Hooker recently took over as director at the club, which has fallen into a dire financial situation. Two grants worth $70,000 were lost in the last two years, and the club needs about $75,000 for its annual programming and to keep the doors open, she said.

The predicament is so severe that the board of directors has decided to sell the Evergreen skating rink building the club has been using as its headquarters, and host the programming at Evergreen Elementary from now on.

Busing students to and from the skating rink on Shady Lane was too expensive, and the club now takes six to eight trips with a 15-passenger van to bring the kids from school to the club.

Boys and Girls Clubs across the country seek to help young people, especially those in need, reach their full potential as citizens, through safe environments, programming, and positive, supportive relationships with caring adults.

As it stands now, the club has enough funding to make it month to month, but the stress of trying to come up with money to pay for each month takes away attention from the kids and the programming, Hooker said.

“We need $75,000 to operate in the schools, and it doesn’t need to be all at one time,” Hooker said. “We want to be able to reassure our parents that this program will continue.”

Roughly 80 kids participate in the Boys and Girls Club regularly, she said, and a survey sent home to parents revealed that most of the adults sending their kids to the club after school would be left with no other options if the club shuts down.

“If we don’t have any money by January, we won’t be able to run programming after Christmas break,” Hooker said.

It’s a challenging position to take on as a newcomer to the local program, but Hooker’s experience with the Boys and Girls Club extends more than a decade, back to when she and her family were living in Tennessee. She was very involved with her two children’s lives, Hooker said, but noticed there were so many kids who didn’t have that attention in their own lives.

“Seeing kids who didn’t have that really drove me to want to create a place for kids,” Hooker said.

It took two years to start the Boys and Girls Club there, but within a couple years, they had their own building thanks to a grant from the USDA Rural Development program and were serving at full capacity.

“My mindset was to get the club started and have it flourish,” she said. “To watch (the kids) be on this path, and because of what goes on at the Boys and Girls Club, you watch their path change. Oh my gosh, it’s amazing.”

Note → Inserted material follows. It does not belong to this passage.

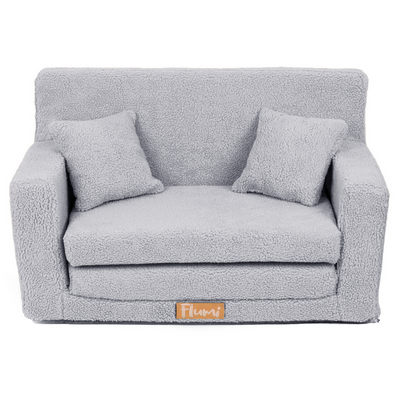 Rozkładana personalizowana sofa piankowa dziecięca - baranek szary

She was the director of the club for eight years after getting it off the ground, but a vacation to Montana disrupted further plans for Tennessee. They visited the valley and Glacier National Park several years ago, and the family decided it was the place for them.

“We hiked the Highline to Swiftcurrent (in Glacier Park) and we were done — we were sold,” she said.

Hooker’s husband got a job here about a year and a half ago, and she began working for Buffalo Hills Terrace in Kalispell. There, she met a member of the board for the Boys and Girls Club, and after joining the board, she decided to take on the director role after the previous director, Alan Sempf, resigned.

The club needs to dig itself out of a hole and quickly, Hooker said. Local community groups such as Rotary have been key in getting the word out, and Hooker would like to partner more with community groups.

On Nov. 16, the Red Caboose Frozen Yogurt + Coffee shop in Whitefish will donate all the proceeds earned between 7 p.m. and 9 p.m. to the Boys and Girls Club, and Hooker said she has more fundraisers in mind.

Once the club is able to focus on more than just staying afloat, Hooker hopes to emphasize new programming for teens, and eventually build a new facility for the Boys and Girls Club.